• [What this task involves]:
In the records below, find the line containing "Red-oak-two-common-new" and the line containing "Fleeting Autumn Canvas"; please repeat exactly the lines from one to the other, both included, and nothing more.

Stored data
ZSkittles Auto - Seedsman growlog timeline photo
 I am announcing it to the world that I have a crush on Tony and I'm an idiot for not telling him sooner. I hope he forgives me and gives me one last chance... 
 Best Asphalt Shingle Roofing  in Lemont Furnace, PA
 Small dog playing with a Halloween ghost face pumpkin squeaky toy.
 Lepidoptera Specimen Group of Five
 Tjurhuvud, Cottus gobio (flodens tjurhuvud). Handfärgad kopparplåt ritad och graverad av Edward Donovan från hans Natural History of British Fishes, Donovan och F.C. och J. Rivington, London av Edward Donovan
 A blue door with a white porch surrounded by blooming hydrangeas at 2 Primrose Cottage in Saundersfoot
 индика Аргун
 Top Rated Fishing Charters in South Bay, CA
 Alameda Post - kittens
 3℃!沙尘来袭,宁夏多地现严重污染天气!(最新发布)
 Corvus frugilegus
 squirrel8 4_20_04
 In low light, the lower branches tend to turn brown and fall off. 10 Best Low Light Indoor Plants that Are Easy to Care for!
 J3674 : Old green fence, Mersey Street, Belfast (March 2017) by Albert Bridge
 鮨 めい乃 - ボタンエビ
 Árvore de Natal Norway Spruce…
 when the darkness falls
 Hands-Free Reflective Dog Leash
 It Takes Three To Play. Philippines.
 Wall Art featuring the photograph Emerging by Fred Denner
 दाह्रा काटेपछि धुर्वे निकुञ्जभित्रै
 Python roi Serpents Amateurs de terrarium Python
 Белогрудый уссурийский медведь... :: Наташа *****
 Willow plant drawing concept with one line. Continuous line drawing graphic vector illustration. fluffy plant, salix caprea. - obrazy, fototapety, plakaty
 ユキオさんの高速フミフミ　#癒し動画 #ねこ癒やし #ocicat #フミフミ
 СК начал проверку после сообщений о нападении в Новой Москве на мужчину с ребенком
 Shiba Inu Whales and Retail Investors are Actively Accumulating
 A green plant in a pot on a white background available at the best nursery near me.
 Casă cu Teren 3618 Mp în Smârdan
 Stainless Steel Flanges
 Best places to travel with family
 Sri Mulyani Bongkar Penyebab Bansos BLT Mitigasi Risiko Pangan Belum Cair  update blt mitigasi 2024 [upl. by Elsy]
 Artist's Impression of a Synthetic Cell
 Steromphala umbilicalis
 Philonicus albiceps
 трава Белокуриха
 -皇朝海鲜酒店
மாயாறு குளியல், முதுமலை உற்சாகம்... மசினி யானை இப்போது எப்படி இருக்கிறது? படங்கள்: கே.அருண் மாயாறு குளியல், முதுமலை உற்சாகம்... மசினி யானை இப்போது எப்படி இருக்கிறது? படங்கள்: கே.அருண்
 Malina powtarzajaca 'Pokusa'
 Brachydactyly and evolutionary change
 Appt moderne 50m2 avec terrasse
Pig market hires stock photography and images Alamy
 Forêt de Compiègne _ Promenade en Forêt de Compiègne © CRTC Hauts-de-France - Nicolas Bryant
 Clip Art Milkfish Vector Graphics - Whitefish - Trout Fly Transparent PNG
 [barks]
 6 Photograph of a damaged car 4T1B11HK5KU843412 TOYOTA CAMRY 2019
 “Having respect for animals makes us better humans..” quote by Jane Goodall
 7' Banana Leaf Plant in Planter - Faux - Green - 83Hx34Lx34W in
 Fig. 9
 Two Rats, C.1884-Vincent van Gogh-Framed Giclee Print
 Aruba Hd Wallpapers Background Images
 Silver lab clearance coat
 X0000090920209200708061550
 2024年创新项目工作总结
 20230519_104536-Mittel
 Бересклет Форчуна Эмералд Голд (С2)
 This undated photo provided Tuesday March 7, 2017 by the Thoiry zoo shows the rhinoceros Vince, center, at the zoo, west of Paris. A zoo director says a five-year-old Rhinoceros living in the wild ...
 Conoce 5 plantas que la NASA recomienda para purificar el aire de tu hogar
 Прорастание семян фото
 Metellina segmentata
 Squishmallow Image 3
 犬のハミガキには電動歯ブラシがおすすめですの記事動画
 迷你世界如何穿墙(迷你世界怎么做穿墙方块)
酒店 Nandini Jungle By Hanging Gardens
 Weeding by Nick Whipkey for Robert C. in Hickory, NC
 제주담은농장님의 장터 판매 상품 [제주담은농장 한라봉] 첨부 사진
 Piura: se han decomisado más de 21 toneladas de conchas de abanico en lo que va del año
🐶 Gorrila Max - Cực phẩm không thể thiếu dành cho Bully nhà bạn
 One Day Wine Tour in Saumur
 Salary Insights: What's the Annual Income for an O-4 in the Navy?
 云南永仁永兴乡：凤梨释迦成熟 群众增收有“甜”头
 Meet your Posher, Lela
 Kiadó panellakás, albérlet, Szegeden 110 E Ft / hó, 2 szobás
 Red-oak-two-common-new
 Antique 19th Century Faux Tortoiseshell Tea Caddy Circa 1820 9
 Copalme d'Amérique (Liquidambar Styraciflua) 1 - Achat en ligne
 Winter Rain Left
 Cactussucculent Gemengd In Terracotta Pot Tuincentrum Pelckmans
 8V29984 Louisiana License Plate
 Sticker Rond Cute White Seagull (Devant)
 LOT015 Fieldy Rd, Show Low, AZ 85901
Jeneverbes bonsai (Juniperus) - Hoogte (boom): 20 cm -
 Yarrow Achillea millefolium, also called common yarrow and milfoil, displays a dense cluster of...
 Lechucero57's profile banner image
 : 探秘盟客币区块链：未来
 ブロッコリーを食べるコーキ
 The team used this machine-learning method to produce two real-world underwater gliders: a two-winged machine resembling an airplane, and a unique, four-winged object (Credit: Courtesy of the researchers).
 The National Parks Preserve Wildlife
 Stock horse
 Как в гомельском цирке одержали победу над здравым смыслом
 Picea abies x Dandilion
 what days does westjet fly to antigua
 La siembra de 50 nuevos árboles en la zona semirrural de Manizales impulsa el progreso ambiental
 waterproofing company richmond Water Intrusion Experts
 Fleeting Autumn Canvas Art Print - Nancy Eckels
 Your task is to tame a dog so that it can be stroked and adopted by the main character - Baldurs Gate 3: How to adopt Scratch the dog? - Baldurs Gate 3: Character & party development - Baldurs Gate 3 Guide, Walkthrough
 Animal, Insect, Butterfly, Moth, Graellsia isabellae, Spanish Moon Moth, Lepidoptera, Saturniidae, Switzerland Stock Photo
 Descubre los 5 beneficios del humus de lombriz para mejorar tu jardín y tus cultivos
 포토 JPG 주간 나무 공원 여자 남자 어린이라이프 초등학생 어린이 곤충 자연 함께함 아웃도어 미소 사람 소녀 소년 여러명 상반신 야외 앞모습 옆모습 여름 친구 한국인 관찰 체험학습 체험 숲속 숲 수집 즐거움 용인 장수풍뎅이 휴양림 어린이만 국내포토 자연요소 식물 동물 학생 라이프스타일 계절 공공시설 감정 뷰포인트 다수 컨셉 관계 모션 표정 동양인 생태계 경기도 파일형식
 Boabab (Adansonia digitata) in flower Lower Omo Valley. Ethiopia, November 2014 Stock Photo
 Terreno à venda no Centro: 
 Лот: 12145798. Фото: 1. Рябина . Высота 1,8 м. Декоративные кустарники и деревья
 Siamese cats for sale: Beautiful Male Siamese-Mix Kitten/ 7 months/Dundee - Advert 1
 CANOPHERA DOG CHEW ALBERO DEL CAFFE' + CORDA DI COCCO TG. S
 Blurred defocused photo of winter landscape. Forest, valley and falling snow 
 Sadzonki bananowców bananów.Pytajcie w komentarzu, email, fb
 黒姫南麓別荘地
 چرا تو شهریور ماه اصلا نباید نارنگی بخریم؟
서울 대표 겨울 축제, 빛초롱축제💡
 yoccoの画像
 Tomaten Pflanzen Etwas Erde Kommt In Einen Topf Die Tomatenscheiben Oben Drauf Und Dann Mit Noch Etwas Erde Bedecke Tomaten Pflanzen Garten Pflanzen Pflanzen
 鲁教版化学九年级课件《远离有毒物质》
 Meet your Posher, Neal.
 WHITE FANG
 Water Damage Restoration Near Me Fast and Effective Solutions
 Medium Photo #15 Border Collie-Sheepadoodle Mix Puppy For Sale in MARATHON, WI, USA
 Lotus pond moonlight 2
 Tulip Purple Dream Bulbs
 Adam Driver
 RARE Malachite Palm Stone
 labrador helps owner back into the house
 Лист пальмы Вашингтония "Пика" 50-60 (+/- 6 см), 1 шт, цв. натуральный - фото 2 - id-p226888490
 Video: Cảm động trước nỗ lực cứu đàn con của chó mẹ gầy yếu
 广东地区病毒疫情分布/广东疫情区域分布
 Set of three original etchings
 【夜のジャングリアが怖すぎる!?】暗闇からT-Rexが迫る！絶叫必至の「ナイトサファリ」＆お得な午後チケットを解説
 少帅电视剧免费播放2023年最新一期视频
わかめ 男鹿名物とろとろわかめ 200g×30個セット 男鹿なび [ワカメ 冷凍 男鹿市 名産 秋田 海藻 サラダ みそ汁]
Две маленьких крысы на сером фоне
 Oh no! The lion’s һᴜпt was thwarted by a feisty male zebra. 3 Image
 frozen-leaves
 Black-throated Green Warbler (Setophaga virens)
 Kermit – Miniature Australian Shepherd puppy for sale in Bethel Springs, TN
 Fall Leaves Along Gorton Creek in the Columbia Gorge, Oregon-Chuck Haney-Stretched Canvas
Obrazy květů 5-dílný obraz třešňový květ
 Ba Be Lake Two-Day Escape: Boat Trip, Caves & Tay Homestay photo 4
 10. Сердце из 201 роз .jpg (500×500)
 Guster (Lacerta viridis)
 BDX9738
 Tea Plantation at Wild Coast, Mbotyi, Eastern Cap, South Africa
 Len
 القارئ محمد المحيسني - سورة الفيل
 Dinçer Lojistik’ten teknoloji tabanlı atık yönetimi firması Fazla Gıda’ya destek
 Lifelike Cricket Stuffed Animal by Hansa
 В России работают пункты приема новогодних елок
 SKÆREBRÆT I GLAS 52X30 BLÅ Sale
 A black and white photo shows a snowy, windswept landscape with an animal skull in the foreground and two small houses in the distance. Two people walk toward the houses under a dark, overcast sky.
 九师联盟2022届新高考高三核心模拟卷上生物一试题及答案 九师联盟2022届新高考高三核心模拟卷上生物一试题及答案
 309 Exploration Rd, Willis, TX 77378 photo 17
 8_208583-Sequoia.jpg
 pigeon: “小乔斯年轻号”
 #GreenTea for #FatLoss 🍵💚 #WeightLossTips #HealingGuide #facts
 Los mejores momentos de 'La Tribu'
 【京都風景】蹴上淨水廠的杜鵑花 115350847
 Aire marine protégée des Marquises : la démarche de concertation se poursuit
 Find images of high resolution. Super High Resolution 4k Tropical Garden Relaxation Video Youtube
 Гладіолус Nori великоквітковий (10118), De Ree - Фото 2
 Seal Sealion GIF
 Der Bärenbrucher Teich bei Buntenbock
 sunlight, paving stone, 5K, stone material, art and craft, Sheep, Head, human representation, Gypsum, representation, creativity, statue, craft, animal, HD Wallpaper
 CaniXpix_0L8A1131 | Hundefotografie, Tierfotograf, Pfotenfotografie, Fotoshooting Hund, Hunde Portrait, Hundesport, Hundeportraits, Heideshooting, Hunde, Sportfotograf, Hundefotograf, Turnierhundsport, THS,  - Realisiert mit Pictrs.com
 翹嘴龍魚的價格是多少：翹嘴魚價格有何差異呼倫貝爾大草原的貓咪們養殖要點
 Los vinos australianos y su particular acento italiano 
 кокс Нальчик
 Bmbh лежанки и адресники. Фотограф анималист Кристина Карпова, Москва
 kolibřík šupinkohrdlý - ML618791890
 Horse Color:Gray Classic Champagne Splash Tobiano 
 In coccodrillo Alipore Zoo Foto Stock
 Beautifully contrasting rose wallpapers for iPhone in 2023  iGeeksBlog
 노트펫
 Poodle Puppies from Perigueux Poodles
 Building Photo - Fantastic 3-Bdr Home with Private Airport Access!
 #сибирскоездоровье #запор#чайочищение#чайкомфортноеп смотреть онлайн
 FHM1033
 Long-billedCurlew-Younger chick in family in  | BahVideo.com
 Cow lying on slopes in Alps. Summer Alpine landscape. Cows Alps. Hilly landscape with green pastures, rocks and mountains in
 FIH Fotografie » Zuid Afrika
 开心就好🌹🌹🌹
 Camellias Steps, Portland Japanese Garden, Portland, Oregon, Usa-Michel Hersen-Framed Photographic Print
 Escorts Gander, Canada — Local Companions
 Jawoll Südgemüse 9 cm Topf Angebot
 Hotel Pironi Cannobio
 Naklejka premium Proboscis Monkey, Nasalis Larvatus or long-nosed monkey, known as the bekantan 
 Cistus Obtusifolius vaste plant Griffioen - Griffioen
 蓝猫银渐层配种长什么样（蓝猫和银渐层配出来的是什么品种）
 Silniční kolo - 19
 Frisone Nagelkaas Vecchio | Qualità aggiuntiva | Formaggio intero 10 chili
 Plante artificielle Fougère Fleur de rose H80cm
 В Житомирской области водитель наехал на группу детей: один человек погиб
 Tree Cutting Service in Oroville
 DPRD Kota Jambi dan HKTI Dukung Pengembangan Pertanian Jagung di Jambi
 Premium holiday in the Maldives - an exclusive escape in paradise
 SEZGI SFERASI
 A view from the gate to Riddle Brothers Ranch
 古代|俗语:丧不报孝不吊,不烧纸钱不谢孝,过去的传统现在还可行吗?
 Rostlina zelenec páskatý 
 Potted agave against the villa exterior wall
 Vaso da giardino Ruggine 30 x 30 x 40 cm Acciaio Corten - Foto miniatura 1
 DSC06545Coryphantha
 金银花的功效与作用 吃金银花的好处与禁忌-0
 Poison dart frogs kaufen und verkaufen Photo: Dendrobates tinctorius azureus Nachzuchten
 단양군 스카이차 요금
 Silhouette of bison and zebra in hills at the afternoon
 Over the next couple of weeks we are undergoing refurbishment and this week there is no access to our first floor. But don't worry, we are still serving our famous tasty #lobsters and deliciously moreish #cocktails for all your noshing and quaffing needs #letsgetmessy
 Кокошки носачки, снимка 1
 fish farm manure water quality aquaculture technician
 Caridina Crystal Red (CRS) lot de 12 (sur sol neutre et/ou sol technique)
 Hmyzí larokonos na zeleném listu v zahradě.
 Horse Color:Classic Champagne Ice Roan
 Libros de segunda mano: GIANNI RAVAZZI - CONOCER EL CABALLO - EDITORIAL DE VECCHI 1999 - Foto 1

• [Output of the task]:
 Red-oak-two-common-new
 Antique 19th Century Faux Tortoiseshell Tea Caddy Circa 1820 9
 Copalme d'Amérique (Liquidambar Styraciflua) 1 - Achat en ligne
 Winter Rain Left
 Cactussucculent Gemengd In Terracotta Pot Tuincentrum Pelckmans
 8V29984 Louisiana License Plate
 Sticker Rond Cute White Seagull (Devant)
 LOT015 Fieldy Rd, Show Low, AZ 85901
Jeneverbes bonsai (Juniperus) - Hoogte (boom): 20 cm -
 Yarrow Achillea millefolium, also called common yarrow and milfoil, displays a dense cluster of...
 Lechucero57's profile banner image
 : 探秘盟客币区块链：未来
 ブロッコリーを食べるコーキ
 The team used this machine-learning method to produce two real-world underwater gliders: a two-winged machine resembling an airplane, and a unique, four-winged object (Credit: Courtesy of the researchers).
 The National Parks Preserve Wildlife
 Stock horse
 Как в гомельском цирке одержали победу над здравым смыслом
 Picea abies x Dandilion
 what days does westjet fly to antigua
 La siembra de 50 nuevos árboles en la zona semirrural de Manizales impulsa el progreso ambiental
 waterproofing company richmond Water Intrusion Experts
 Fleeting Autumn Canvas Art Print - Nancy Eckels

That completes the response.